Tal fato se explica pela particularidade do gosto que o povo de Conquista sempre teve pela participação na vida política da cidade e que foi ampliada com a mordaça imposta pelo Regime de 64. A volta dos partidos e das eleições na década de 1970 abriu flancos para o combate silencioso, articulado e sereno contra o regime. O Movimento Democrático Brasileiro, depois tornado partido, o PMDB, encontrou solo fértil em Conquista. A ditadura que havia endurecido o regime desde 1968 quando amplificou o inimigo encastelado na luta armada, só cederia terreno quando começava a ficar claro em todo o país que as forças civis avançavam, e como o faziam dentro do jogo democrático, tornava-se possível retomar o rumo e ocupar destemidamente os espaços da política; no parlamento; na imprensa; nos sindicatos.

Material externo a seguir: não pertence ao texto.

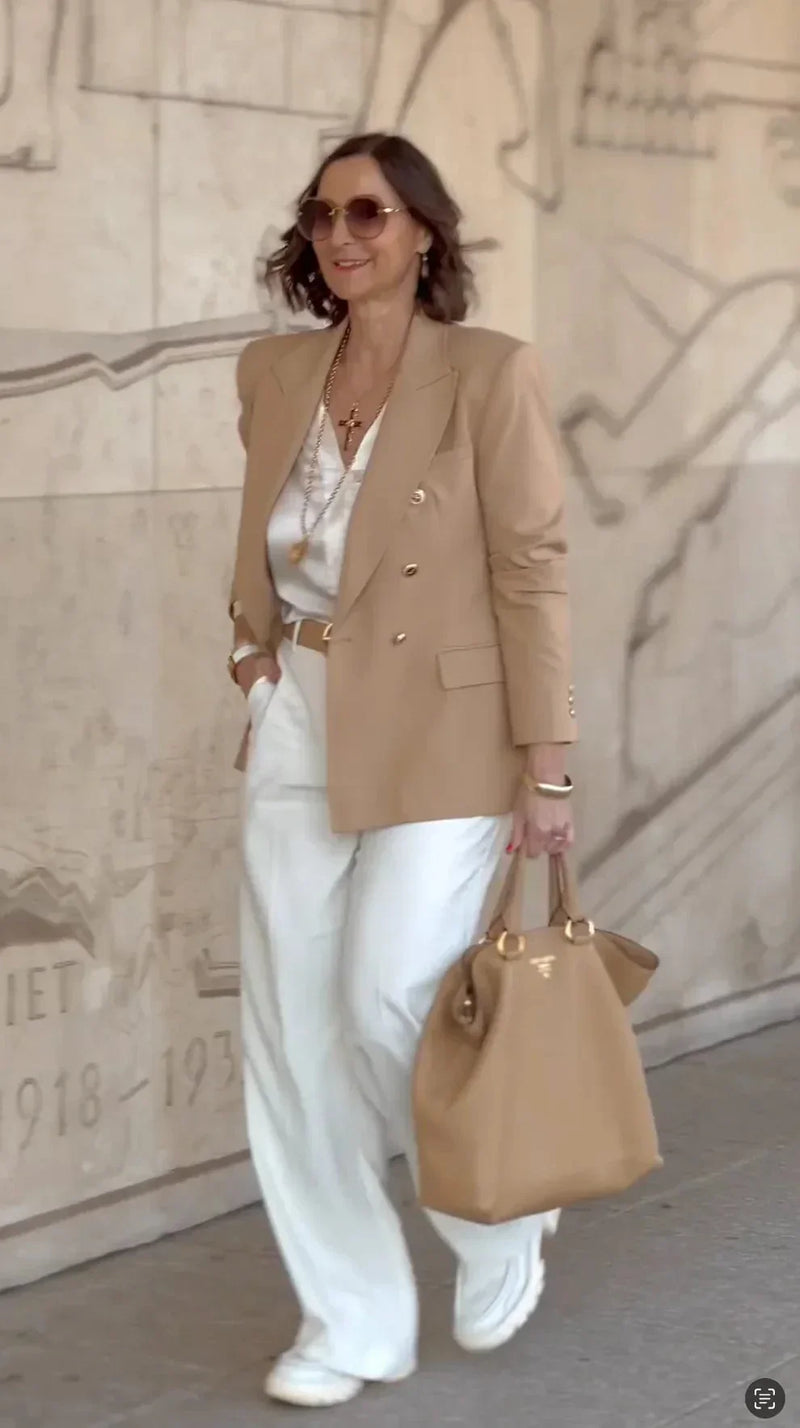 Eleganter Beiger Blazer mit Weißer Hose - Tacatani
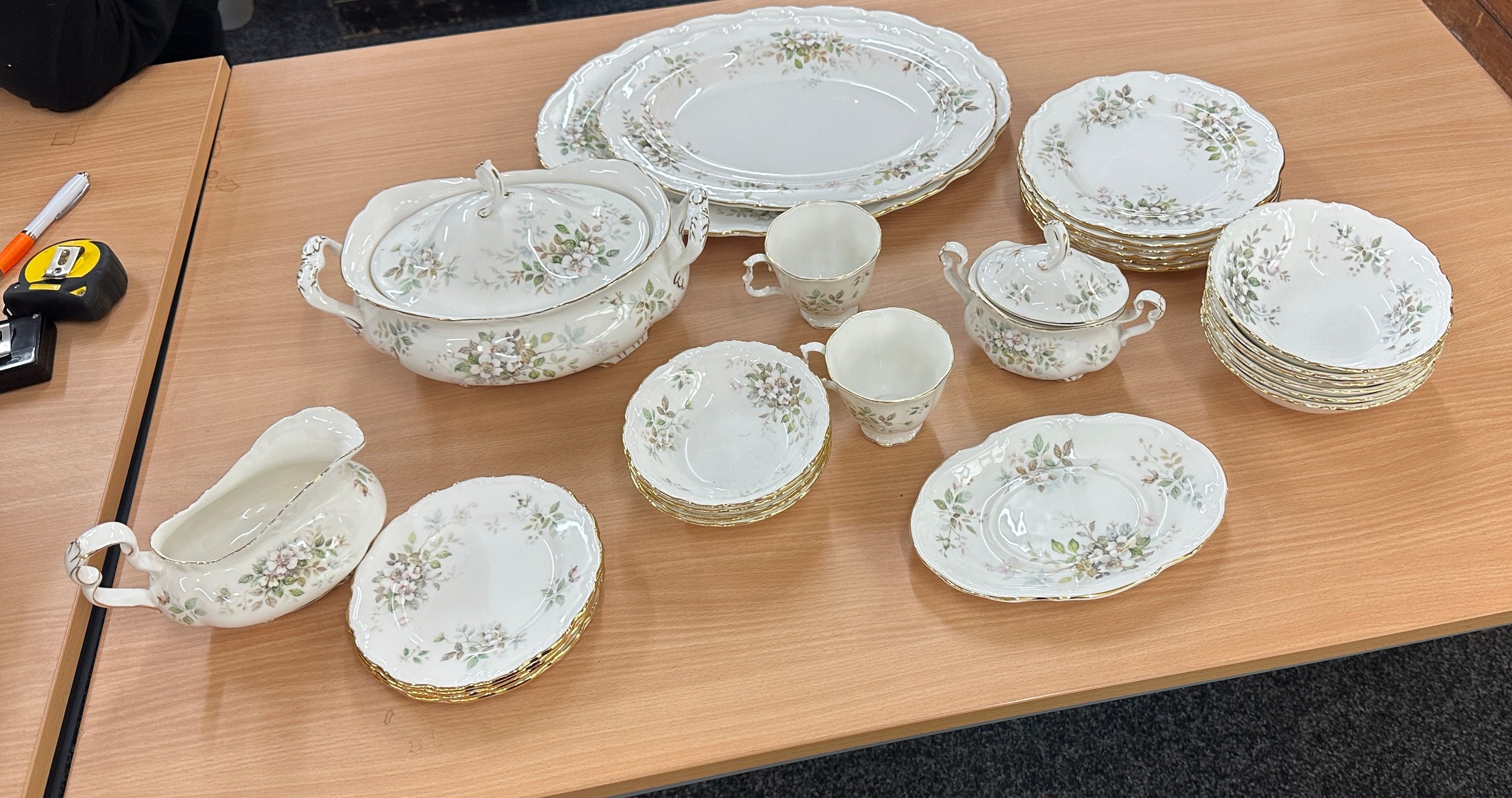 Selection of Royal Albert Haworth pattern part dinner service to include tureens, meat plates,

Desse modo, muito possivelmente, nenhuma cidade brasileira de porte médio foi tão afetada pelo regime de 64, sabendo também reencontrar-se consigo mesma e com sua história, quanto essa cidade de nome redundante, encravada entre o sertão e a mata. A seqüência de fatos levaria a sucessão, desde a anistia, da volta de Pedral para um mandato de 6 anos, entre 1983 e 1989 e, depois, eleito mais uma vez, para o mandato entre 1993 e 1997, dessa vez apoiado, estranhamente, por ACM. Era o fim do pedralismo, a unção do petista Guilherme Menezes, que já havia sido candidato em 1992 e que na eleição seguinte soube conduzir o destino manifesto oposicionista da cidade, fazendo mandatos sucessivos até o momento presente, intercalado pelo correligionário, José Raimundo Fontes, entre os anos de 2003 e 2009.

Nessa sequência de fatos a cidade sempre tomou o lado correto, o da desconfiança com a discricionariedade do poder excessivo. Chega a dar-se ao luxo de sentir saudades de ser oposição ao se “desalinhar” com os Governos de Jacques Wagner e de Lula nas eleições de 2010 e impor duas derrotas à Dilma Roussef nas eleições de primeiro e segundo turno em 2010. Caso praticamente único dentre as grandes cidades do nordeste e que lhe granjeou algum fama na conjuntura daquelas semanas eleitorais.

Por tudo isso, é importante relembrar que a cidade sofreu a morte precoce de Péricles Gusmão e da cassação inclemente de José Pedral, mas soube retomar seu destino ao entregar o poder na cidade aqueles que como Jadiel Matos e Raul Ferraz não compactuavam com a perseguição e com a tortura. Trouxe Pedral de volta e o derrotou quatorze anos depois quando achou necessário.

A cidade pode olhar o passado sem medo, sem rancores ou ressentimentos, mas, briosa de saber exatamente o que ela, em essência foi e como se conduziu no período mais difícil da história do país. Pelas instituições que consolidou e fazendo uso do espírito democrático que permeia a missão de seus homens públicos, teve a felicidade de assistir em outubro do ano passado, em solenidade proposta pelo vereador Florisvaldo, do PT, em tese um adversário da memória de Pedral, a devolução simbólica de seu mandato interrompido em abril de 1964. Lá estavam presente na Câmara de Vereadores o próprio Pedral, já quase nonagenário e também do atual perfeito Guilherme Menezes. Esse momento foi simbólico, pois desde então foi se como em Conquista já pudéssemos a partir dali dizer que o ano de 1964 finalmente acabou.